I only very rarely do trees that size, maybe once or twice a year at most. I had a job earlier this year that had some 150 footers, and one of them had the first fork at 120'. It was 7' or 8' at the base, I wasnt going to spike it all the way up with no rope setup. I was amazed we could get that high but it took a lot of shots, maybe 20 or 30 goes. That's a lot of time, because after each shot you'd have to wind back in, then flake out 180' of line. The surprising thing was how far away from the tree we had to get to make the shot, I'd guess about 50', maybe more. When we did finally nail it we tied a second throw line to the end of the first, got the weight to the floor and then started hauling rope. 

I got a big workout on those trees. We were on 7/8" lowering ropes, and by the time you've got 100+feet of it hanging under you there is some real weight there. I dont think I would have climbed them if I couldnt set a top rope.

Shaun


----------



## Eric106 (May 6, 2013)

*My $12 Homemade Big Shot(R) project.*



chad556 said:


> Well I got this idea to try to save some money and make my own bigshot instead of shelling out the big bucks for sherrill trees's model
> 
> Materials:
> 
> ...



Chad, thanks for posting this. I had read this some time ago and ordered one of the balloon launchers thinking I might get to this some day. Well, this past weekend I had a crotch I just couldn't hit by hand so decided to put one of these together. I used the same $12 water balloon launcher but went a completely different way with the head and pole using only junk/scrap I had laying around. So, with an investment of $12 and two hours of my time (from deciding to build to testing) I had this. 






















The pole is some type of planting stake I think. I came across it a long time ago and decided to hang on to it because it looked like it might be useful for something some day. It's eight foot long actually some type of plastic coated steel tubing. It's a little bit on the thin side -- it gets a bit of a bow in it when the launcher is pulled to full tension -- but springs right back and hasn't been bent yet and is supper light. Then head is made from some 1/8 inch pipe out of the center of some old lamp. I don't even remember what lamp it came out of, it was in my steel scrap/material pile for so long. The center section was a piece of bent steel tubing from a bed frame leg if I recall correctly. It just happened to fit perfectly over the pole and the bend made it even better.

For my first shot I lined it up at the center of the tree about 40 feet up not knowing what the range or accuracy was going to be like. I pulled it back about five feet (balloon launcher says max six feet) and let it go. It smacked the trunk dead center exactly where it was pointed. Needless to say, I was impressed. It took about a dozen shots to hit the exact crotch at 70 feet I wanted because is was such a small target.
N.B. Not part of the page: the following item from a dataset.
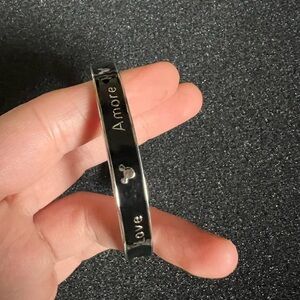 Black and Silver Disney Bangle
Thanks again for posting this and giving me the idea and inspiration to build one of these.

-Eric


----------



## eert (Jun 21, 2013)

That looks really sexy!! Well done, can barly tell the difference!


----------



## lowandslow (Jun 27, 2013)

*$8.00 big slingshot*



chad556 said:


> Well I got this idea to try to save some money and make my own bigshot instead of shelling out the big bucks for sherrill trees's model
> 
> Materials:
> 
> ...



hey, check out my $8.00 big slingshot in rec climbers it works great! You inspired my project
:msp_razz:


----------